Britain’s oldest conservation body, the Open Spaces Society, presents an open letter to the Prime Minister asking her to fight for our path network
When Prime Minister Theresa May returns from her recent hiking holiday in the Alps she’ll no doubt have a big pile of letters to work through. Among them will be a letter from the Open Spaces Society (OSS).
The letter, which has been shared to us at The Great Outdoors, expresses the Society’s delight that the Prime Minister enjoys walking but urges her to look into the state of public paths in England and Wales.
“We were delighted to see the pictures of you and your husband on your walking holiday in Switzerland,” writes Kate Askbrook, General Secretary of the OSS in her open letter. “I know that your walking is not confined to holiday trips to Switzerland but has included Snowdon and no doubt other places where your explorations have not received publicity… however, walkers riders and cyclists on country paths in England and Wales face problems which I feel you should know about.”

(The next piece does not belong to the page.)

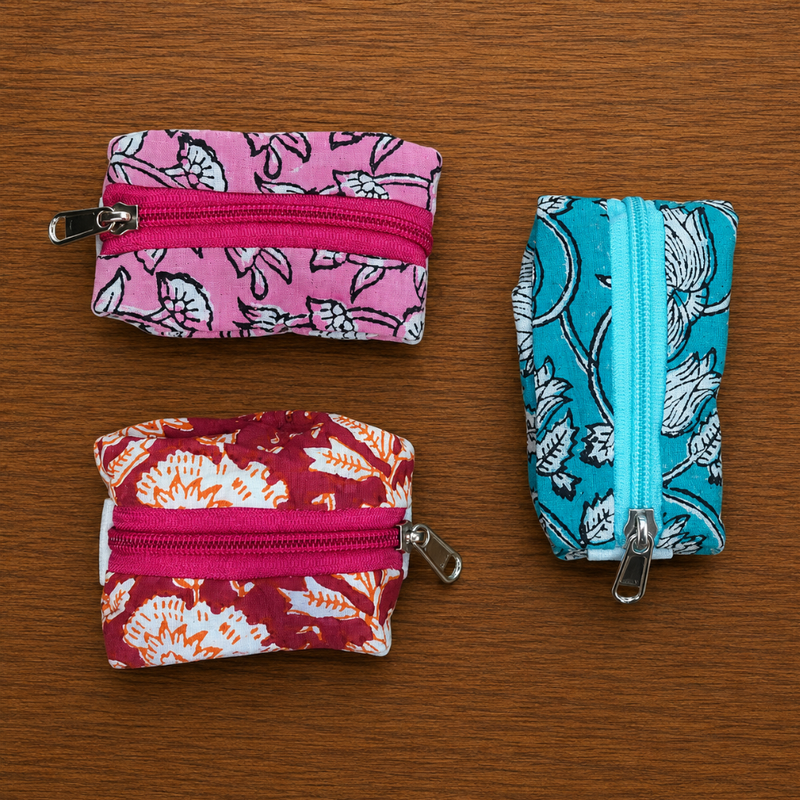 Qyaari by Penkraft Hand Block Printed Wrist Pouches – Set of 3 Pattern 2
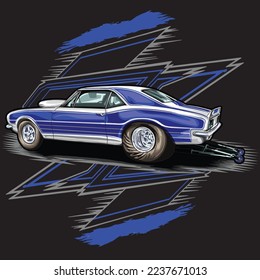 drag racing car on black background for poster, t-shirt print, business element, social media content, blog, sticker, vlog, and card. vector illustration.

The letter asks for the Prime Minister to address a number of the Society’s concerns, including the decline of funding for the highway authorities who maintain the UK’s paths and recent plans for industrial development within some protected landscapes – making particular reference to the potash mine in the North York Moors and wind turbines in the Lake District.
Ashbrook also highlights her concern over the “limited opportunities for the public to restore wrongly omitted land as common” arguing that legislation currently favours the landowner.
She concludes by inviting the Prime Minister for a walk in her Thames Valley constituency to present of the issues and to “visit access land which the OSS helped to win close to Chequers.”